Families of Barkan victims light menorah at site of attack

“Lighting a Hanukkah candle in a place where Jews were killed is the most Jewish thing to do,” Raphael Levengrond, the father of terror victim Kim Levengrond-Yehezkel said.

Funeral of terror attack victim Kim Levengrond-Yehezkel at Barkan Industrial Park in Samaria on October 7, 2018. (photo credit: TOVAH LAZAROFF)
Funeral of terror attack victim Kim Levengrond-Yehezkel at Barkan Industrial Park in Samaria on October 7, 2018.
(photo credit: TOVAH LAZAROFF)
To prove that his daughter’s killing had not broken him, Raphael Levengrond returned to the office in the Barkan Industrial Park where she was shot to death in October and lit a Hanukkah candle in her memory on the third night of the holiday.
“Lighting a Hanukkah candle in a place where Jews were killed is the most Jewish thing to do,” Raphael told The Jerusalem Post on Tuesday evening after the small ceremony in the Alon Group office that was organized by Rabbi Menachem Kutner, director of activities in the Chabad's terror victims project.
In honor of the event, the Alon Group built a special large silver menorah on which they hung photographs of the two victims of the October terror attack; Kim Levengrond-Yehezkel, 29, and Ziv Hajbi, 35.
The former Palestinian employee of the Alon Group Ashraf Walid Suleiman Na’alwa, 23, who killed his two Israeli co-workers, is still at large.
“The Arabs will not defeat us. They will not break our spirit. I am not broken; I break others. To prove it, I lit a Hanukkah candle,” said Levengrond.
As he spoke, he helped one of his grandchildren put together a toy and watched Kim’s one-and-a-half-year-old son Kai play with two small toy cars on the floor.
Prior to his daughter’s death, he had come to the small office in the Samaria Region of the West Bank just once to have coffee with her. He came a second time, on the morning of his daughter’s death, when he raced to the site upon hearing of the attack believing he could save her.
Levengrond also returned for a ceremony there 30 days after the killing. “I still have yet to comprehend what happened,” he said.
But he has focused more on anger than grief, particularly at Prime Minister Benjamin Netanyahu, the government and the IDF who he feels have not done enough to stop terror attacks, dismantle terrorist infrastructure or hold the Palestinian Authority accountable.
“I am not the only one,” he said, adding that the government has also abandoned the families of those Israelis held in Gaza.
Netanyahu talks all the time about the Palestinians paying terrorist, but he just allowed the transfer of $15 million into Gaza, Levengrond said.
“We are paying terrorists. What does he think they are using it for?” he asked.
When his Kim was alive, he always told her she could depend on him. At the time, he thought he meant he would come to her rescue if her car broke down.
Since her death, he has seen himself as a warrior on her behalf who will not rest until he believes that justice is done.
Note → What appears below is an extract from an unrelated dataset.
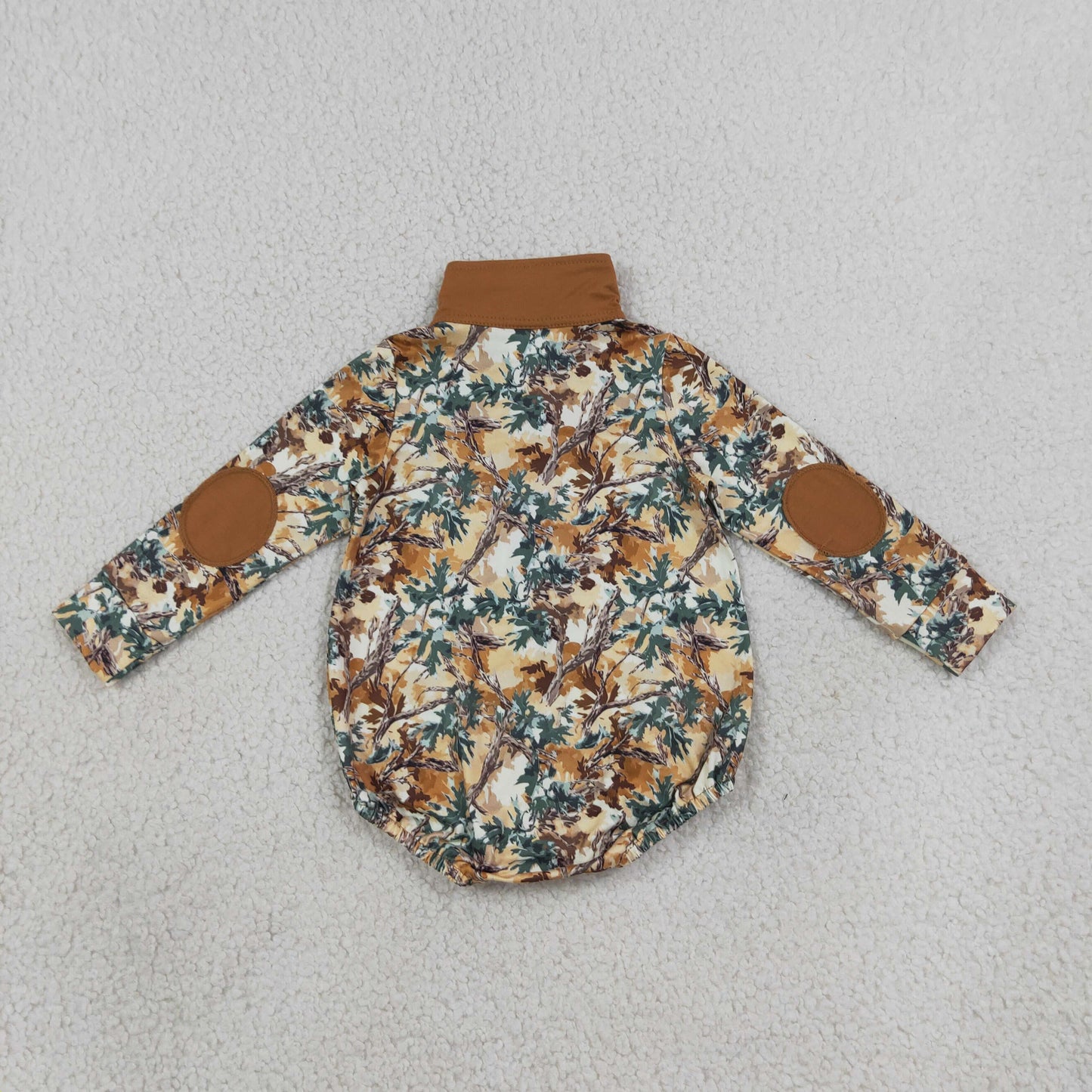 Baby Boys Long Sleeve Leaves Camo Fall Zipper Rompers
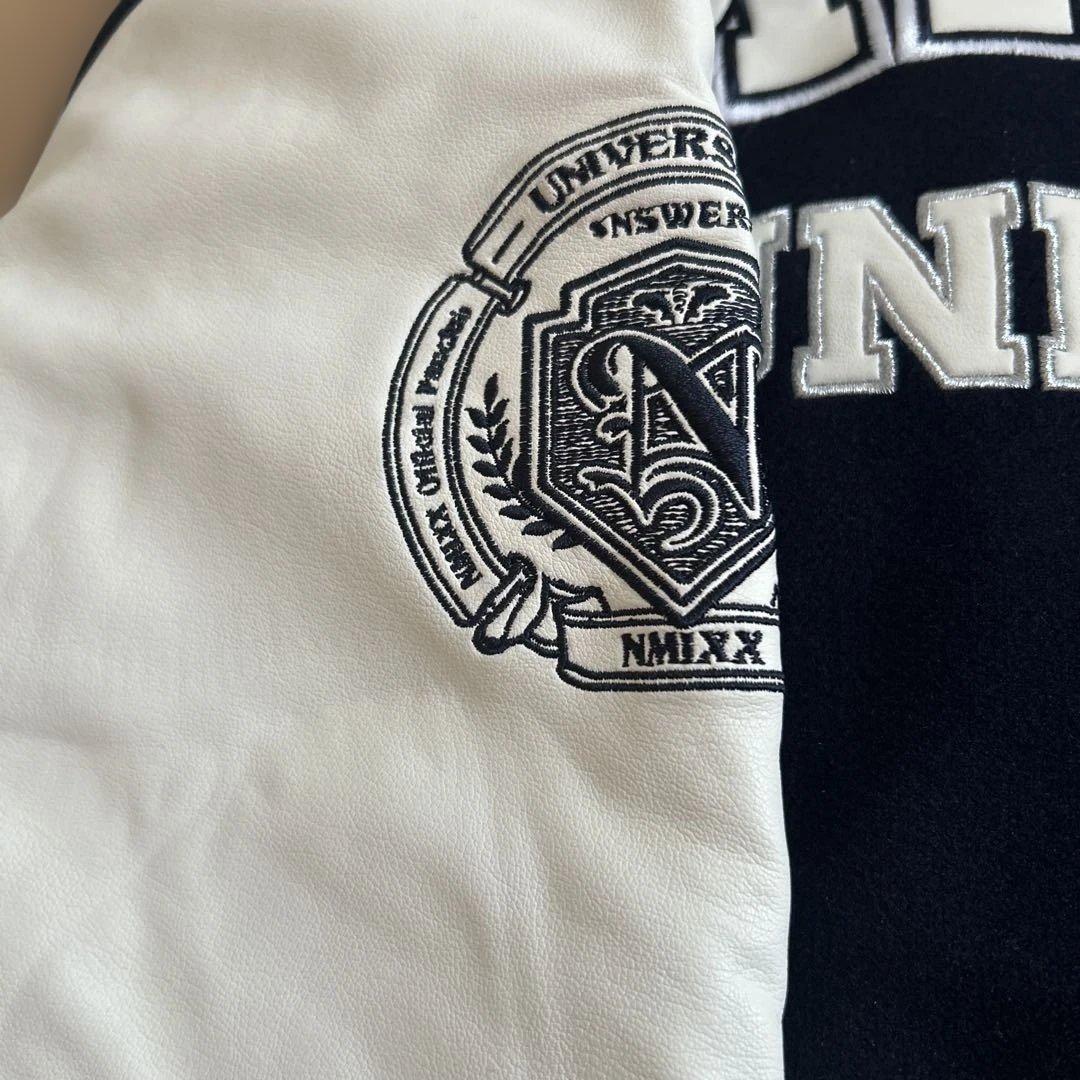 NMIXX スタジャン ネイビー NMIXX スタジャン ネイビー&ホワイト Logo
“My daughter’s blood is not water,” he said. This coming Saturday, he has organized a rally at Rabin Square in Tel Aviv at 8 p.m. for all those who, like him, see themselves as second-class citizens in the country.
Rafael Alon, the company CEO, said that his factory has reopened, but has not recovered from the attack.
“It’s too early. This was a horrible tragedy,” he said.
The group of some 20 administrative employees, who worked with Kim and Ziv, did not want to return to the office where the attack took place.
So he rented office space for them in Rosh Ha’ayin. The space where they worked remains empty, including Kim’s desk, which has been cleaned out and is now hidden behind a bookshelf.
The terrorist is not representative of the 250 Palestinians who work here, who are good people and who have continued to come here, Alon said.
“If I thought anything else, I could not come to work,” he said.
One of the Palestinian employees who was here at the time of the attack tried to help an Israeli woman named Sarah who was wounded, he said. Others would have killed the terrorist if they could have.
The attack was totally contrary to their interests, he said, explaining that the livelihood of the Palestinian workers is dependent on the success of the industrial park that employs both Palestinians and Israelis.
“I pay out some NIS 2 million in salaries,” he said.
“I always believed in co-existence,” Alon told the Post, adding that the attack has shaken but not diminished that faith.
On the table by his office, the candles of a small menorah flickered. As the office shut down, the voices of a few workers singing a well-known Hanukkah song resounded in the hallway: “we have come to vanquish the darkness.”